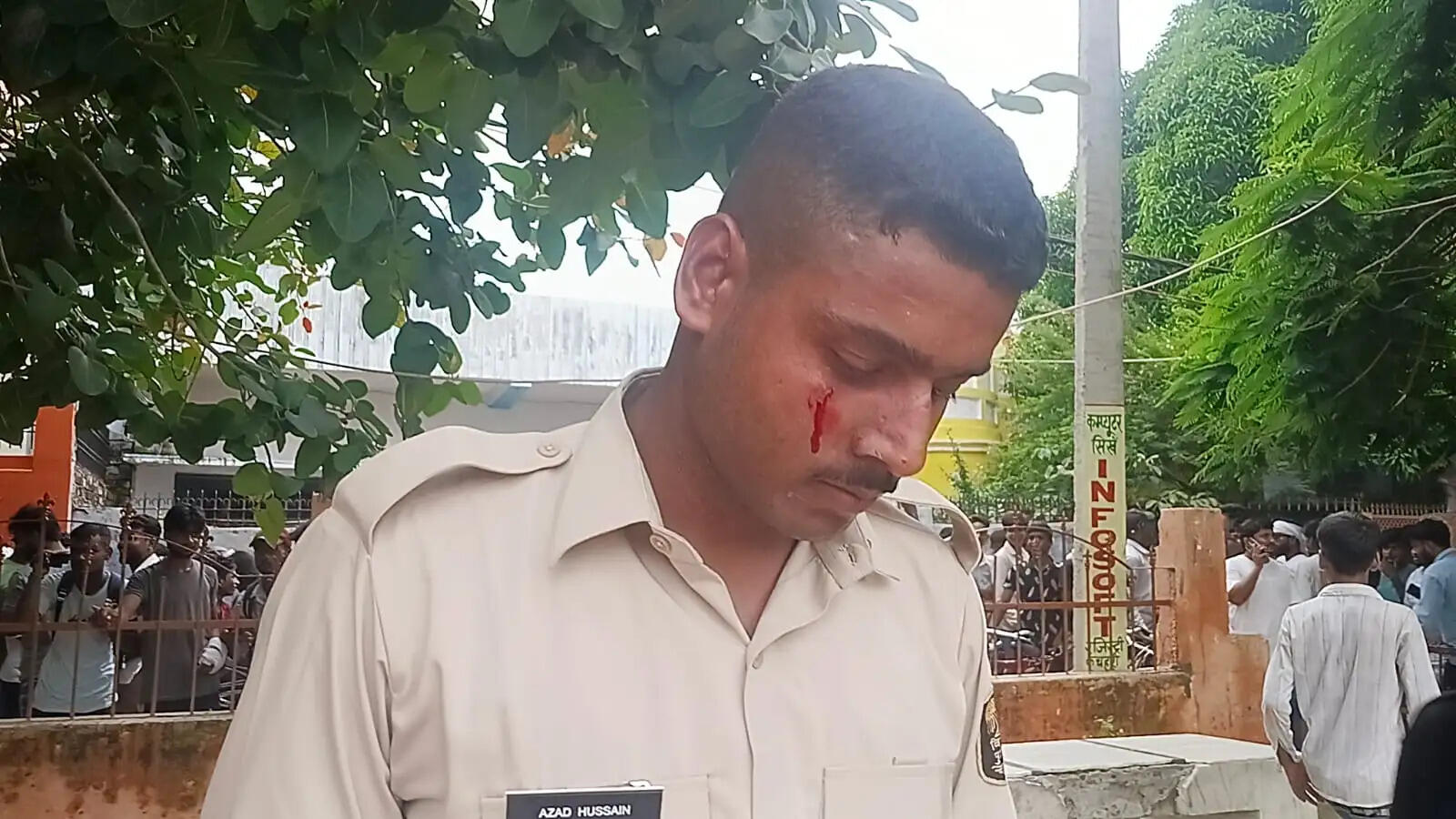 सीवान में छात्र प्रदर्शन हुआ हिंसक, एसपी समेत कई घायल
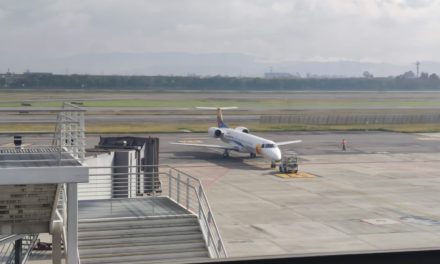 Llega a Venezuela primer vuelo de la aerolínea colombiana Satena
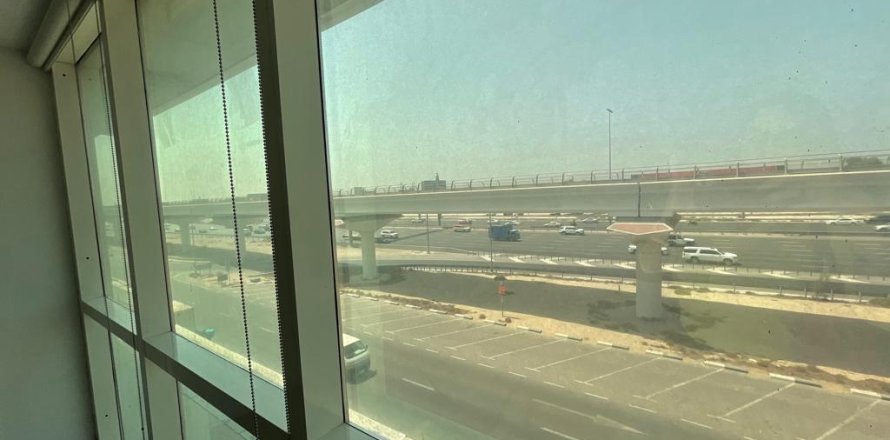 Офис в Al Quoz Industrial Area, Al Quoz, Дубай, 7000м², № 534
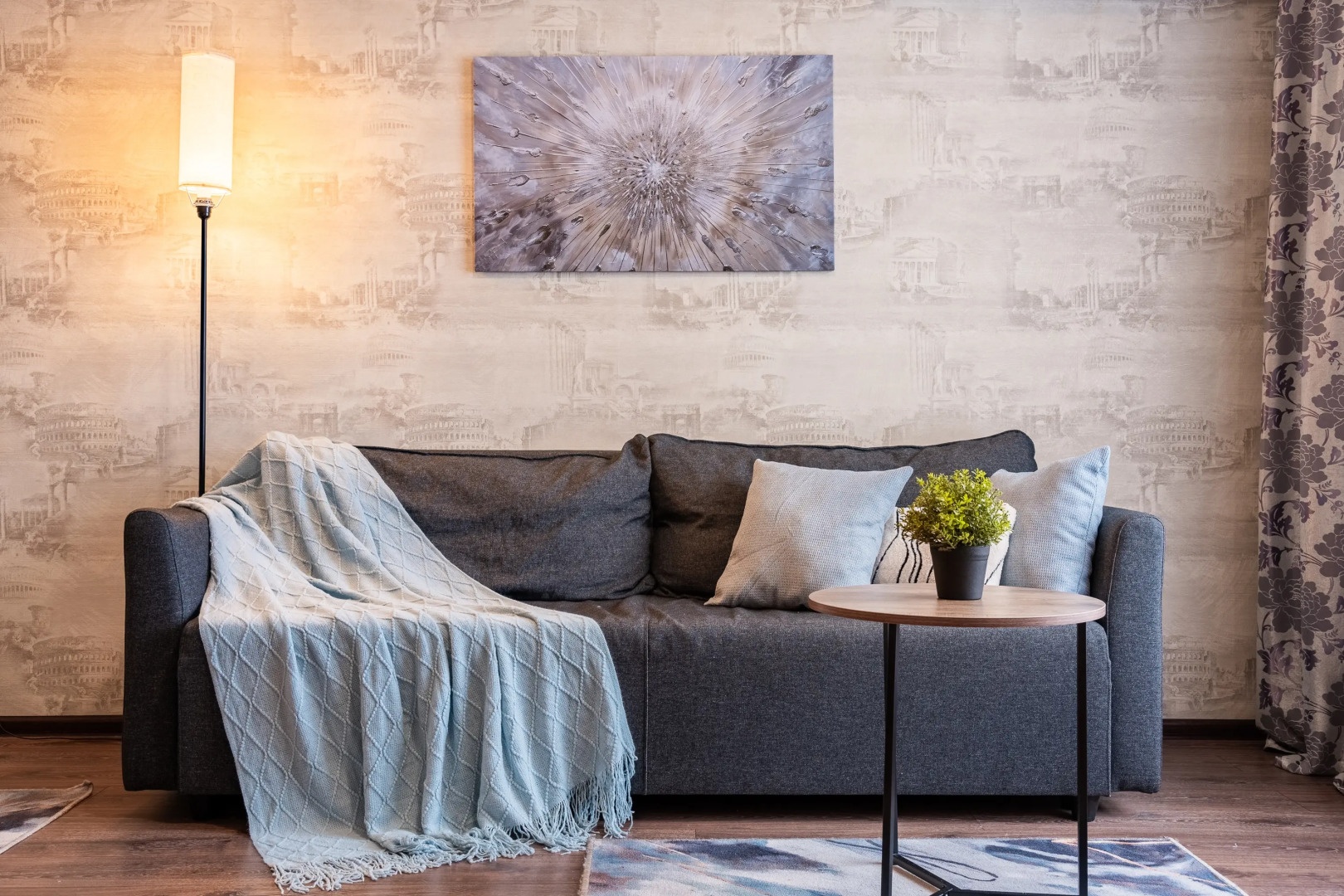 Квартира Просторная Natali на Метро Аннино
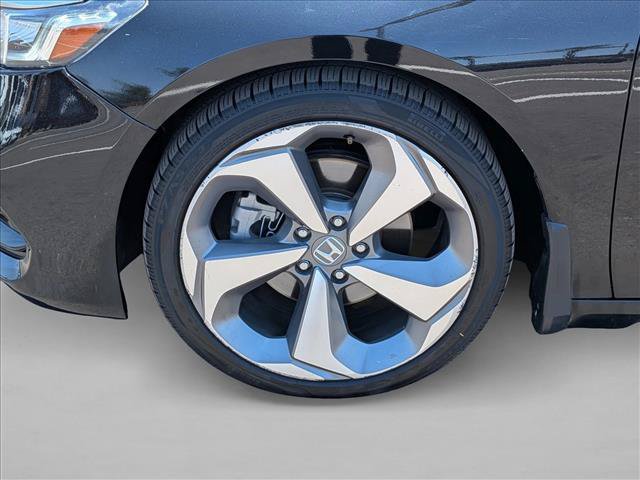 Used 2020 Honda Accord Touring image 30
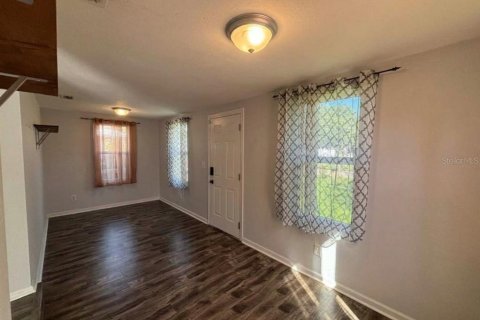 Villa ou maison à louer à Lakeland, Floride: 2 chambres, 70.61 m2 № 2415263 - photo 6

::::::

• Problem to solve
Skipping any pictures, copy the line that holds "Квартира Просторная Natali на Метро Аннино" and each line after it through the last line of the records, unchanged, and no other lines.

• Solution below
 Квартира Просторная Natali на Метро Аннино
 Used 2020 Honda Accord Touring image 30
 Villa ou maison à louer à Lakeland, Floride: 2 chambres, 70.61 m2 № 2415263 - photo 6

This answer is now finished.